- _WHAT IS NEEDED_
Write out the line that holds "Canon EOS 200D" together with every line that follows it to the end of the material below, exactly. Omit the pictures.

- _SOURCE MATERIAL_
**********

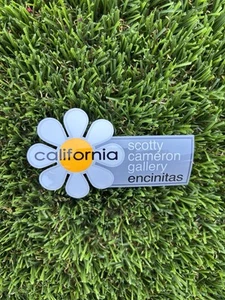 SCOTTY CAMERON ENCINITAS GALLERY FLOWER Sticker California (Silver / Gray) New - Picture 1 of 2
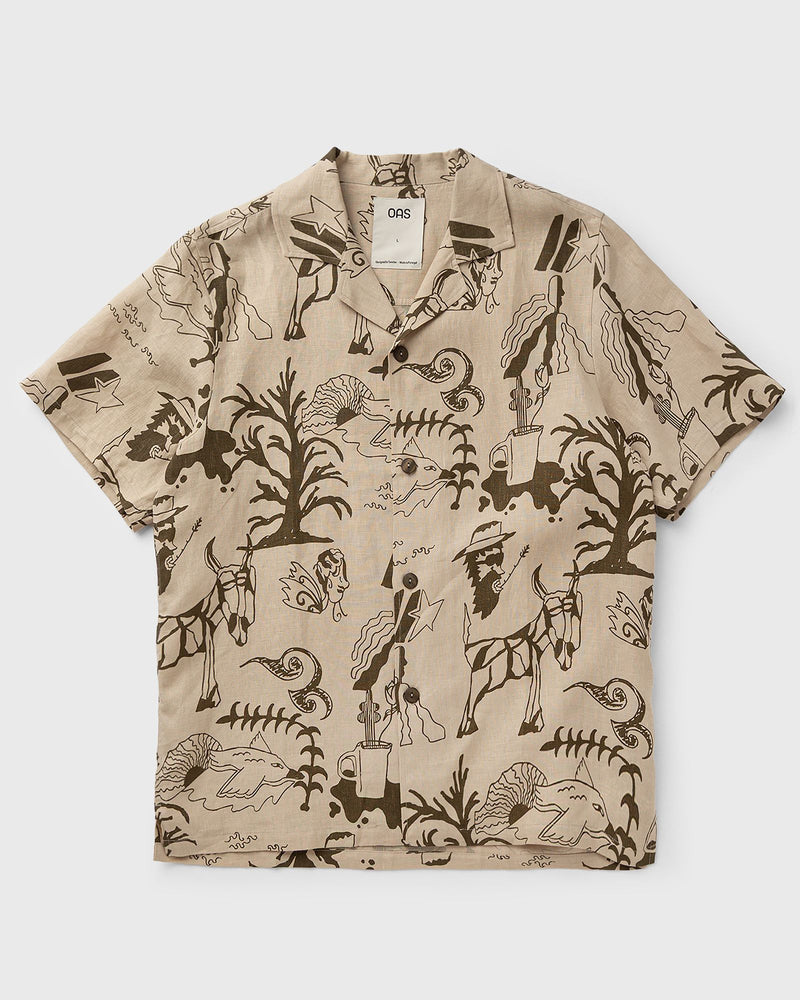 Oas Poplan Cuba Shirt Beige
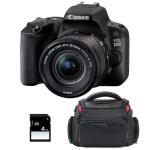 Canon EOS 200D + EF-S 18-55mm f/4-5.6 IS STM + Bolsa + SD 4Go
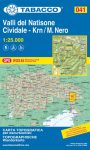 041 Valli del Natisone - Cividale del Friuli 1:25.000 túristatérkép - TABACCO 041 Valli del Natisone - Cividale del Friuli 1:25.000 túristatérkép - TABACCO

**********

- _RESPONSE TO THIS EXERCISE_
 Canon EOS 200D + EF-S 18-55mm f/4-5.6 IS STM + Bolsa + SD 4Go
 041 Valli del Natisone - Cividale del Friuli 1:25.000 túristatérkép - TABACCO 041 Valli del Natisone - Cividale del Friuli 1:25.000 túristatérkép - TABACCO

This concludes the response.